# Biotope aquascaping



## TOO (17 Jun 2013)

Besides planted nature aquarium I have for a long time been interested in biotope aquaria.

Recently I have been thinking that it might be a future idea for UKAPS to add a section on biotope aquascaping. I am aware that the focus of UKAPS is on the planted aquarium, and since many (true) biotopes do not in fact have plants, it may fall outside its remit.

Yet I feel that, even if founded in a different philosophy, biotopes offer an equally great challenge for the aquascaper. Too often biotope aquaria proceed with no aestethic purpose. This is true for the set-up as such, but also for the external equipment.	

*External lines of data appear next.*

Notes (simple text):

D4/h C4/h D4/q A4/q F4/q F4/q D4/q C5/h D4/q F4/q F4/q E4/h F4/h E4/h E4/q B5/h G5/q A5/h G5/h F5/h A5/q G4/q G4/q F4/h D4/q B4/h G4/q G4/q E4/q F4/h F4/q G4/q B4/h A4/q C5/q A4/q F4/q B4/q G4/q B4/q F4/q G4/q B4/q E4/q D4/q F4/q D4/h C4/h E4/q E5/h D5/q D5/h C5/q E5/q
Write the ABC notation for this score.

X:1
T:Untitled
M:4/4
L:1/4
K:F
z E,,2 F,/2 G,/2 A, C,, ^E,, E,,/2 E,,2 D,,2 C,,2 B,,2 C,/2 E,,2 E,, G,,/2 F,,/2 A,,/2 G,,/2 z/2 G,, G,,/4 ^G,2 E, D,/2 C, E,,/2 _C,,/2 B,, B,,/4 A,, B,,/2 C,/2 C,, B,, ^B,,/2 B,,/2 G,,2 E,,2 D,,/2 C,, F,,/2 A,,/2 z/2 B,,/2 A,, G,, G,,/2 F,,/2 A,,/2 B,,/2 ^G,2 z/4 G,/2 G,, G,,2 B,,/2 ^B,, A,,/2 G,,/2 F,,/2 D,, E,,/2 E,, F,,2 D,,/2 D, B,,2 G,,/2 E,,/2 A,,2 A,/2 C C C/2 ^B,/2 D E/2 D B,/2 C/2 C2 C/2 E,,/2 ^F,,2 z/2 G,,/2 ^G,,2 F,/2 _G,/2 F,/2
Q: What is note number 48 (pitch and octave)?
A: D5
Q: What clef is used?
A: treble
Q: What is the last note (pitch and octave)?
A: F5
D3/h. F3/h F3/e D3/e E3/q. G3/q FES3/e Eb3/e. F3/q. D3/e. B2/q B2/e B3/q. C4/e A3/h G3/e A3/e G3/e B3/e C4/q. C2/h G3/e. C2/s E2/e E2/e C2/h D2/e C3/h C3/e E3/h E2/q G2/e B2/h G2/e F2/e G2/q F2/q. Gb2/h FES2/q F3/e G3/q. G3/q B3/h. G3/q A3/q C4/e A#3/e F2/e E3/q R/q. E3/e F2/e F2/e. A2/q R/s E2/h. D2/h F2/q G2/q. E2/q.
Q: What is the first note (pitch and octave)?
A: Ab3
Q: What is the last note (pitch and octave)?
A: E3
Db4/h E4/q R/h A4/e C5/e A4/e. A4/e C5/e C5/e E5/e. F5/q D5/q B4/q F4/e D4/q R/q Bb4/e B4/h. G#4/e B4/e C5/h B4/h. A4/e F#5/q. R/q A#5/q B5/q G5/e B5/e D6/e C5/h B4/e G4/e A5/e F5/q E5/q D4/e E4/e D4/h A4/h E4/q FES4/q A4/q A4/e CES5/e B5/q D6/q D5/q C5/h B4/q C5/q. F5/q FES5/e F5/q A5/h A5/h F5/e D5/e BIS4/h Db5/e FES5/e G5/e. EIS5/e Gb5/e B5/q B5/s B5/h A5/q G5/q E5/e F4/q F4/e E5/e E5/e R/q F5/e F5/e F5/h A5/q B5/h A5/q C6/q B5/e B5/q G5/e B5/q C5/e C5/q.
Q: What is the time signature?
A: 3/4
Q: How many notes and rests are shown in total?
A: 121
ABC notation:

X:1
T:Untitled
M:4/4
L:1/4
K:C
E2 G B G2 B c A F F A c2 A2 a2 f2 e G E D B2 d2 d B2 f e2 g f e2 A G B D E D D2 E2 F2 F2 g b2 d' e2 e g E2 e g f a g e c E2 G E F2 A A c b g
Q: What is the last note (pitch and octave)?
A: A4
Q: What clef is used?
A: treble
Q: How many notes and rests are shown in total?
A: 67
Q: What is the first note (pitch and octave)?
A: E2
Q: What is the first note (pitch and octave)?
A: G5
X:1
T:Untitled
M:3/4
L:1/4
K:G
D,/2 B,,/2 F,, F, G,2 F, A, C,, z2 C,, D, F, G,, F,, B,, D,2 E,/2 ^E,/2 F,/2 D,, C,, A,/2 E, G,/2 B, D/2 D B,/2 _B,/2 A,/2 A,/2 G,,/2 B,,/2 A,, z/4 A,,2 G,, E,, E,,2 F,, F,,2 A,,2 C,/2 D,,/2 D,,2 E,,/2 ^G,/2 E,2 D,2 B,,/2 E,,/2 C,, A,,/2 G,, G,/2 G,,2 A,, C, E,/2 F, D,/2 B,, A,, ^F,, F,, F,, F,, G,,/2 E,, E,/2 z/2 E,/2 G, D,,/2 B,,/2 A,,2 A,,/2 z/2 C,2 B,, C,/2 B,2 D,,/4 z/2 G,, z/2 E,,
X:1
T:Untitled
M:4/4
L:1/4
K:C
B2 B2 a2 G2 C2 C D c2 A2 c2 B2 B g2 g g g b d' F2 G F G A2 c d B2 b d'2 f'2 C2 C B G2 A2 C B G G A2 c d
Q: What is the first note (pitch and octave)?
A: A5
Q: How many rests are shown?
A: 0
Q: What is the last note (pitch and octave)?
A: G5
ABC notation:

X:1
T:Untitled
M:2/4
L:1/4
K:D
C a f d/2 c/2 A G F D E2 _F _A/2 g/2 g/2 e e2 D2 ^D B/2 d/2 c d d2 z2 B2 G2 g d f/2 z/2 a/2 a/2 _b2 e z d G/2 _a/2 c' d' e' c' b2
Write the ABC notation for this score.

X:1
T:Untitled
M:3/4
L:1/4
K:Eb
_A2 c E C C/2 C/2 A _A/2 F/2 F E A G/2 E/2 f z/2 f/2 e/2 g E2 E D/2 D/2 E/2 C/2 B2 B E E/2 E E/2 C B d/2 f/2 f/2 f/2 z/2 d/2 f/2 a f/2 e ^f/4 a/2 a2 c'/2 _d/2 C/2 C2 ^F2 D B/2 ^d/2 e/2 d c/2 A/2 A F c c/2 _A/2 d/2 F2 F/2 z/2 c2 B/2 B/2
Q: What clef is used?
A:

One might say, of course, that thinking about aesthetics in a biotope aquarium is somehow contradictory. I dont think so, necessarily. I think it is possible to create something that is aesthetically convincing as well as biotopically correct. In some of his previous work, George Farmer has shown some great examples of this. Currently I have a Sulawesi shrimp set-up, which is just a lot of stones spread over the surface. Sounds dull, but to me it is very visually appealing.

Anyway, just something to consider for the future. Any thoughts are welcome.

Thomas


----------



## NanoJames (17 Jun 2013)

I would certainly look through a biotope section! If there is a fish section and an invert section, I don't see why there can't be a biotope section!


----------



## George Farmer (17 Jun 2013)

I think this is an excellent idea. I'll discuss it with the admin/mod team.


----------



## BigTom (17 Jun 2013)

Lee Nuttall posts some lovely central American biotopes over on BCA.


----------



## Greenview (17 Jun 2013)

I agree, I would really love to see a section on biotopes.


----------



## TOO (17 Jun 2013)

BigTom said:


> Lee Nuttall posts some lovely central American biotopes over on BCA.


 
I agree. Lee Nuttall's work precisely captures the idea.

Glad that people like the suggestion. Thanks for the feedback.

Thomas


----------



## tim (17 Jun 2013)

I think this is a great idea, biotopes and even some loose biotopes can be some of the most relaxing scapes.


----------



## nayr88 (18 Jun 2013)

+1 from meh


----------



## killi69 (18 Jun 2013)

Yes, it would be great to see more biotopes on here.  Even ones that are 'so aquascaped' that they are no longer an 'authentic representation' of an actual habitat yet still beautifully show off plants and fish from one region.


----------